A trama gira em torno de um grupo de quatro amigos na pacata cidade de Hawkins, Indiana, EUA. A cidade é tão parada que o último desaparecimento ocorreu em 1927. Suicício? 1962. Homocídio? Não há registro. Tudo isso é posto em questão quando o jovem Will simplesmente desaparece sem deixar rastros da noite para o dia.

Além disso, os amigos de Will encontram uma estranha garota de cabeça raspada chamada Onze perdida no meio da floresta. Qual é o seu segredo?

A partir do sumiço de Will, a série se aprofunda não apenas em teorias conspiratórias como não tem medo de brincar e explorar abertamente o sobrenatural. Enquanto outras séries – como LOST e Arquivo X – ficam anos no chove não molha, Stranger Things expõe descaradamente coisas que não deveriam existir e como seus personagens lidam com elas (ou ficam loucos).

Na mesma medida, a série consegue equilibrar com maestria elementos de terror e ficção-científica com muito humor e aventura. A história nunca fica travada e os personagens nunca entram em negação. Se algo muito estranho parece estar acontecendo no meio do mato, nós vamos lá ver isso. E se vier pra cima da gente, vamos lhe dar um tiro na cara.

O engraçado dessa atitude é que a série rompe clichês de gênero que ela anteriormente constrói com muito esmero: veja como esse cara popular é babaca, veja como essa virgem ingênua vai ser passada para trás, veja como esta garota é a donzela em perigo. Tudo isso é construído e então desfeito.

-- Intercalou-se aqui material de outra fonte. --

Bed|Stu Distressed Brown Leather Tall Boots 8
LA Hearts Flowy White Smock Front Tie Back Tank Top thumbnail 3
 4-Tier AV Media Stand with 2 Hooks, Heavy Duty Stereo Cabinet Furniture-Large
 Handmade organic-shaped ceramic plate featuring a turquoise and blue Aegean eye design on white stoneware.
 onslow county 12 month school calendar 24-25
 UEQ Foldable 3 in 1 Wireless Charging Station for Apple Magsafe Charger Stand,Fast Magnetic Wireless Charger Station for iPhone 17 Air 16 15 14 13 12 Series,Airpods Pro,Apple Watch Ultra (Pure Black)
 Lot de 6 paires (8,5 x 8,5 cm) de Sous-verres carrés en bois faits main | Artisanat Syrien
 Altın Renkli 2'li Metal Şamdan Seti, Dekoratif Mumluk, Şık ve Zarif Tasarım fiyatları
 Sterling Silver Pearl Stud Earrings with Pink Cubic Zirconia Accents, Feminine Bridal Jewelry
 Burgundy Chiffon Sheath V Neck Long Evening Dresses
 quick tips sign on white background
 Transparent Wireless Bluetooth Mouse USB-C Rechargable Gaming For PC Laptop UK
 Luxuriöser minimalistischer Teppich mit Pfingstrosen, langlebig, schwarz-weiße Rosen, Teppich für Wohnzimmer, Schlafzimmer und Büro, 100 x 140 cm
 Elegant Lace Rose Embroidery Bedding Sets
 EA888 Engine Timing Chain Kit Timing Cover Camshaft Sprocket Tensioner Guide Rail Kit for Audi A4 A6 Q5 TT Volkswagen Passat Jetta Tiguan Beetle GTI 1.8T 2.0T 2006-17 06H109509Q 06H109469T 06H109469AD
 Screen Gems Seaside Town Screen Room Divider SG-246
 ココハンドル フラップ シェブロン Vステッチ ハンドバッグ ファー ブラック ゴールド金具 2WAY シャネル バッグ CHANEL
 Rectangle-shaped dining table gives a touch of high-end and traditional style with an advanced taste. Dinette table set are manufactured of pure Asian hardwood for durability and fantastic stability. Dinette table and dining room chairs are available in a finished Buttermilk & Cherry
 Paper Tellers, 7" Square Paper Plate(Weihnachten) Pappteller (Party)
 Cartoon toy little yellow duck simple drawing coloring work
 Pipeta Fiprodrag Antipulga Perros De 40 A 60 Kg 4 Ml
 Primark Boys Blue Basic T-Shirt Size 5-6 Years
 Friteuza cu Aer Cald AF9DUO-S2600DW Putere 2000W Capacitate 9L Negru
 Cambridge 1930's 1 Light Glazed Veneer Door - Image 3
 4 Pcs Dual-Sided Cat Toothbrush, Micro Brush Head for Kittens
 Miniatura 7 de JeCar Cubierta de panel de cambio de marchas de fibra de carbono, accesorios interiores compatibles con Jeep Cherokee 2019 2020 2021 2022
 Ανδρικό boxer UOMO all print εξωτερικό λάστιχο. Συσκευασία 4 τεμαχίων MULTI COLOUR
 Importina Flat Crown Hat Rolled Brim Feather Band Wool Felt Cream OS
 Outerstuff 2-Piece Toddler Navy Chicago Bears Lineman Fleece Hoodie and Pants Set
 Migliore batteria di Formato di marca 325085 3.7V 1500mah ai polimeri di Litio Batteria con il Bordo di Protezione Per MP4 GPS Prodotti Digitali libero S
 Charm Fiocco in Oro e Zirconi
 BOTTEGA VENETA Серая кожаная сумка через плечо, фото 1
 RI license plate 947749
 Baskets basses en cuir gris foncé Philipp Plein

O elenco também é incrível. A série fez sua propaganda em cima de Winona Ryder por este ser realmente o primeiro trabalho dela de grande destaque em mais de uma década. Mas ela é só uma no meio de muitos.

Ryder se sai muito bem, mas é difícil não se envolver com todo o resto do elenco, especialmente com as crianças principais. Este é um elenco mirim não apenas muito talentoso, mas muito bem preparado, que consegue ofuscar com facilidade os adultos e faz o expectador se lembrar, com clareza, dos seus amigos de infância e aventuras.

Mas não é só isso. A série também tira muito proveito do seu contexto de anos 1980, trazendo uma trilha sonora incrível, imagens chuviscadas e batidas eletrônicas que brincam com convenções e gêneros narrativos da época.

A série também mostra um amadurecimento muito grande, quase imensurável, de seus criadores, os Irmãos Duffer. Os Duffer são responsáveis pela decente, mas falha e profundamente esquecível Wayward Pines.

Em pouco mais de um ano, eles foram capazes de criar a própria série original aparando todas as arestas e corrigindo todos os erros cometidos em Pines. Bebendo com sede da fonte de Steven Spielberg, Stephen King e John Carpenter, Stranger Things é uma homenagem aos anos 1980 com gosto de algo novo.

Para não falar que a série é perfeita, há um ou outro problema. Conforme a temporada se encaminha para o final, a série passa a ter problemas para amarrar as suas pontas e acaba deixando alguns furos significativos no roteiro.

Isso é um pouco ruim, pois você vai se pegar dizendo “mas e isso?”, “e aquilo?”. A primeira temporada tem bastante uma pegada de antologia, mas deixa dois pequenos cliffhangers no final, o que pode significar que vamos retornar sim para Hawkins na segunda temporada (já confirmada pela Netflix).

 

Não deixe de assistir! Eu não gosto de dar notas, mas preciso dizer que esta temporada é, fácil, 10 de 10 e vale cada segundo.